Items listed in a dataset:
[Start of section]
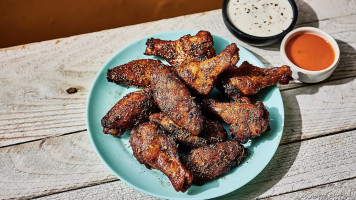 Hooters food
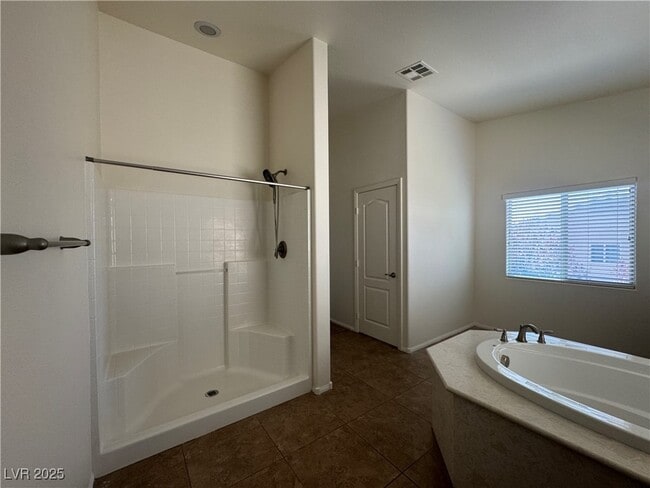 Building Photo - 9241 Forest Meadows Ave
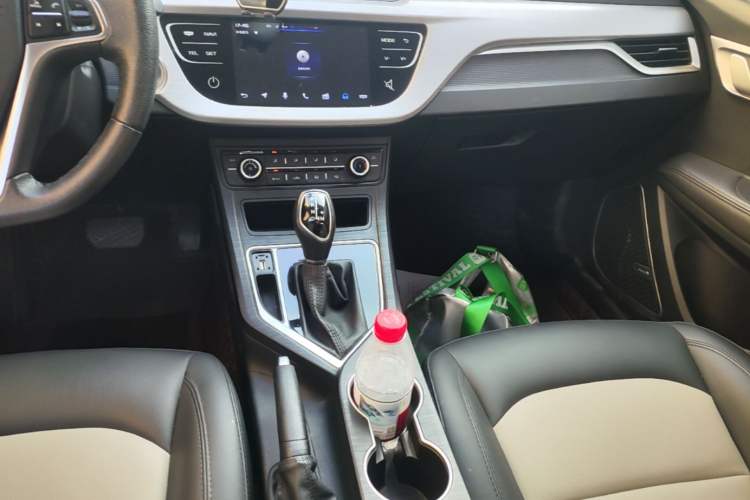 Used Geely Auto Vision 2020 Revised Version 1.5L CVT Asian Games Edition Gear Lever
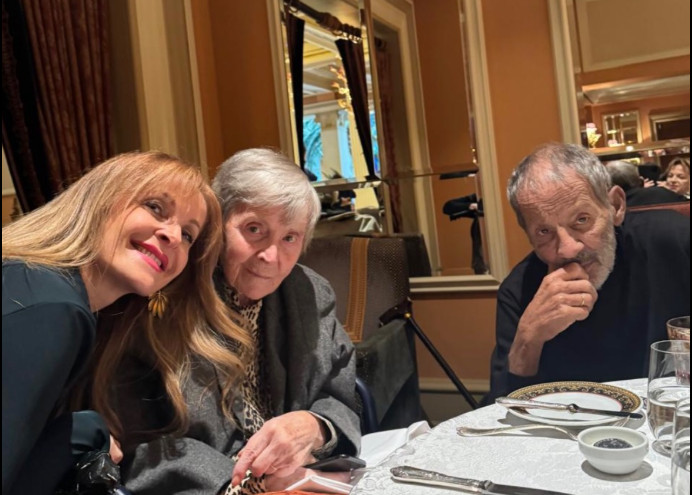 Η Ελένη Γλύκατζη Αρβελέρ με τα δίδυμα του Ξαρχάκου: Η Ηρώ Σαΐα λέει το «τελευταίο ευχαριστώ»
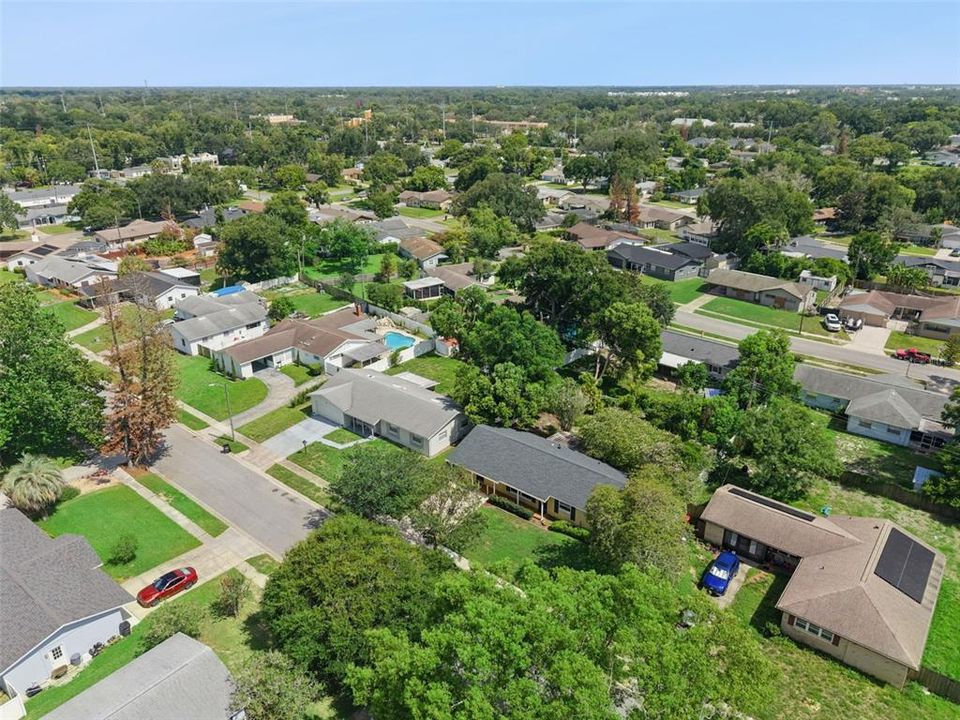 Activo con contrato: $385,000 (3 camas, 2 baños, 1600 Pies cuadrados)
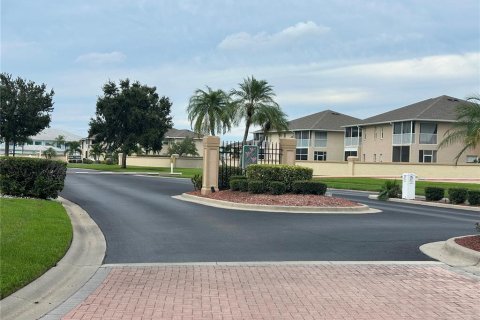 Condominio en alquiler en North Port, Florida, 2 dormitorios, 108.51 m2 № 1908490 - foto 6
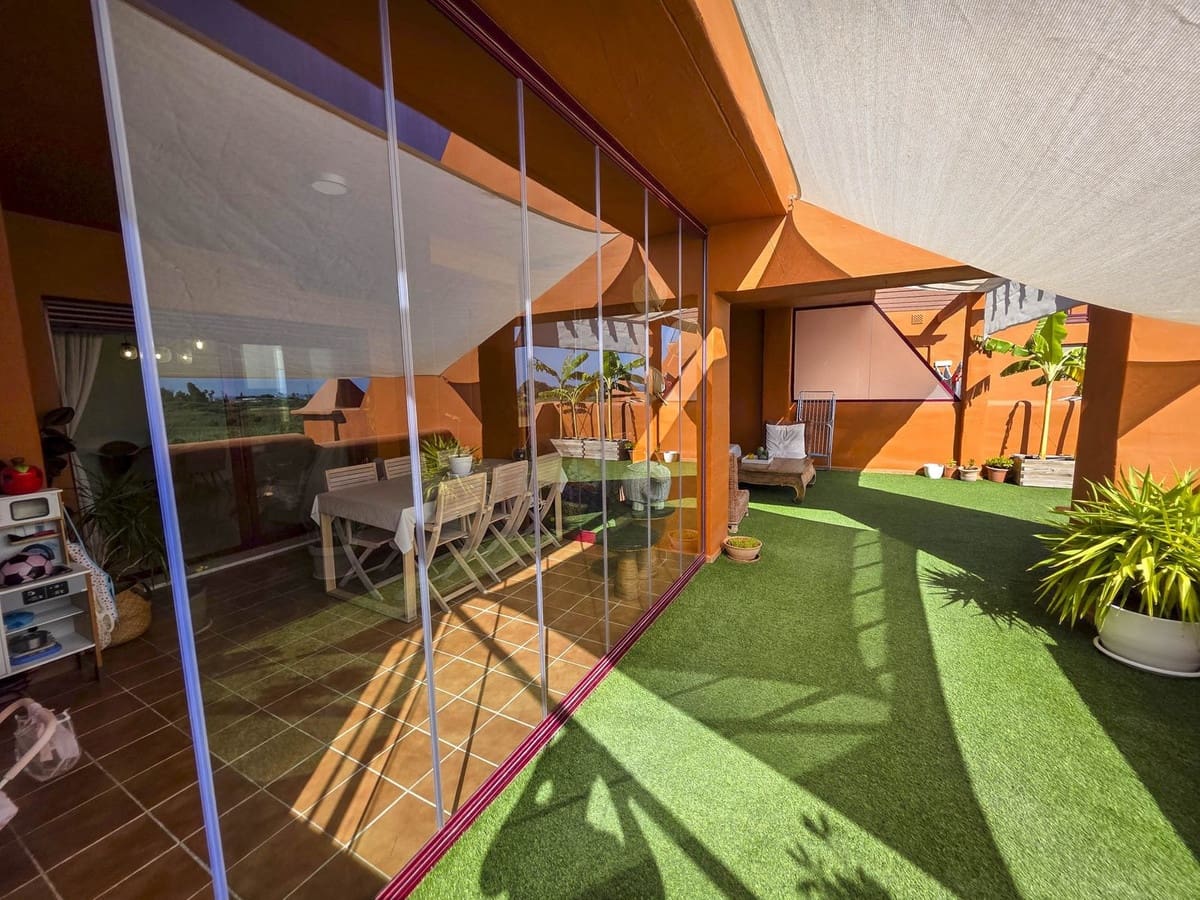 3 Zimmer Apartment zu verkaufen in La Duquesa / Puerto de la Duquesa mit Pool Garage - 480.000 € (Ref: 9583143)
[End of section]
_Exercise brief_. An exact, image-free transcription of all the records above is needed.

_Response to this exercise_.
 Hooters food
 Building Photo - 9241 Forest Meadows Ave
 Used Geely Auto Vision 2020 Revised Version 1.5L CVT Asian Games Edition Gear Lever
 Η Ελένη Γλύκατζη Αρβελέρ με τα δίδυμα του Ξαρχάκου: Η Ηρώ Σαΐα λέει το «τελευταίο ευχαριστώ»
 Activo con contrato: $385,000 (3 camas, 2 baños, 1600 Pies cuadrados)
 Condominio en alquiler en North Port, Florida, 2 dormitorios, 108.51 m2 № 1908490 - foto 6
 3 Zimmer Apartment zu verkaufen in La Duquesa / Puerto de la Duquesa mit Pool Garage - 480.000 € (Ref: 9583143)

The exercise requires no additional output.